Versioned Objects
Dag Hovland, Fredrik Chrislock
Bouvet Norway, Bergen, Norway


    In our work at Equinor, an oil and gas operator company, we are involved in the exchange of
information between contractors and operator during design and planning of new facilities,
or capital projects. We are part of a larger effort to get away from transferring documents and
rather transfer smaller pieces of information. The goal is that information about the facility
becomes less disconnected and that more of it can be processed by machines. It is also a goal
that the interaction between operator and contractor can be faster and more small-grained.
That is, smaller pieces of information can be transferred, not only complete documents.
    RDF is a strong candidate for the transfer and storage of this information. However, it does
not fulfill our needs for maintaining the same dataset in different organizations. Specifically,
parts of the model, in different stages of development, will be exchanged between organizations
(e.g. operator and contractor) and between units, the parts will be extended, changed and
commented on simultaneously in these different organizations. It is not an option to maintain
a single RDF dataset that is directly edited by all partners. There are two reasons for this: i)

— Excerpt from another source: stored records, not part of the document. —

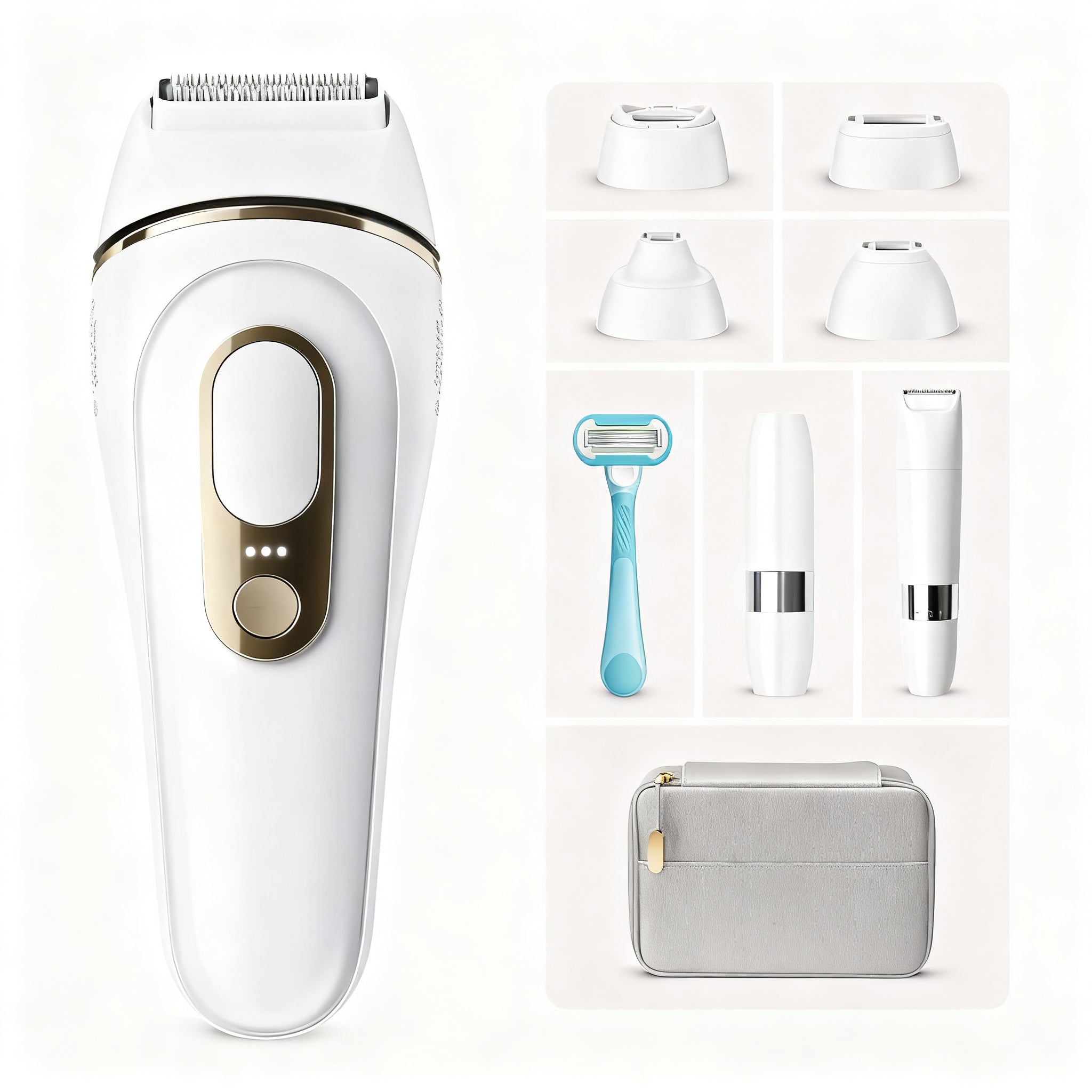 Braun Bundle: Rasierer Silk-expert Pro IPL PL5412 + Braun Body Mini Trimmer BS1000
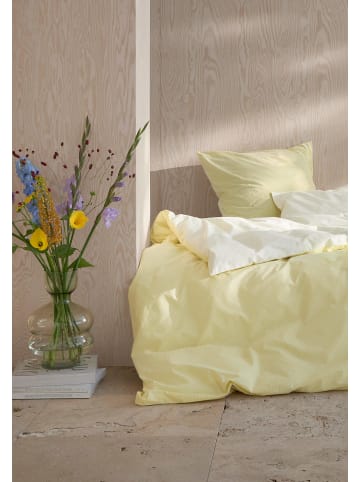 Hessnatur Wende-Bettwäsche-Set in limonensorbet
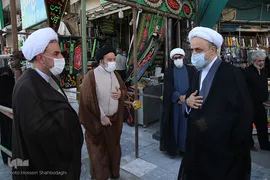 تشییع پیکر آیت الله تسخیری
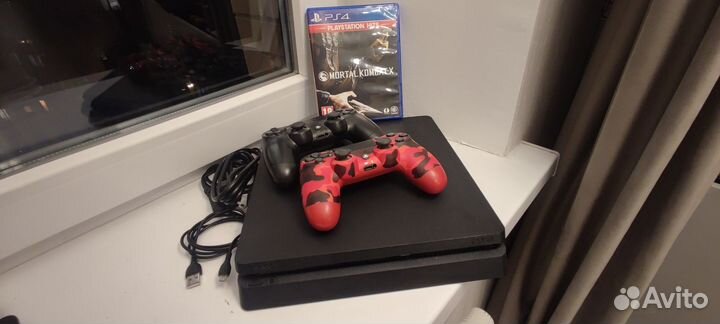 Sony PS4 slim 1tb + MK10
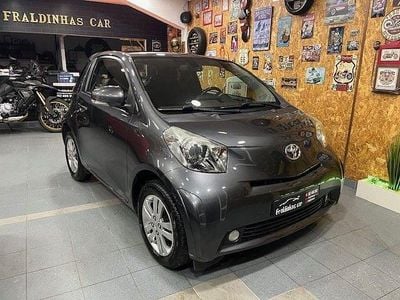 Antracite Usado 2009 Toyota iQ Citadino | € 9.999 (Preço elevado)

The contractor and operator do not wish to share their complete graph with each other and
ii) Multiple, differing, versions of the same model/graph must be possible to maintain, to be
able to explore diffferent design choices. A consequence of this requirement is that decorating
properties with identifiers of the dataset version, like in [3], is not sufficient.
    In relational data warehousing this type of data is called slowly changing dimensions[2] and
there are 7 named patterns for maintaining them. These patterns can also be implemented in
RDF, but since we are no longer restricted to fixed, tabular formats, some patterns therefore are
probably not useful in RDF.
    The options we have considered for transferring the model as RDF between contracator and
operator
          1. Send the whole RDF graph every time
          2. Send instructions about what triples to delete and what to insert
          3. Send the RDF graph for each object that has been changed
  Before explaining what we mean with objects, let us explain why the first two options do
not cover our needs: Transferring the whole RDF graph means that concurrent changes to the
graph are complicated and would need a strong locking mechanism on the RDF graph at the
operator, preventing changes to the parts of the graph that are currently under work by the
contractor. This is a too strict requirement.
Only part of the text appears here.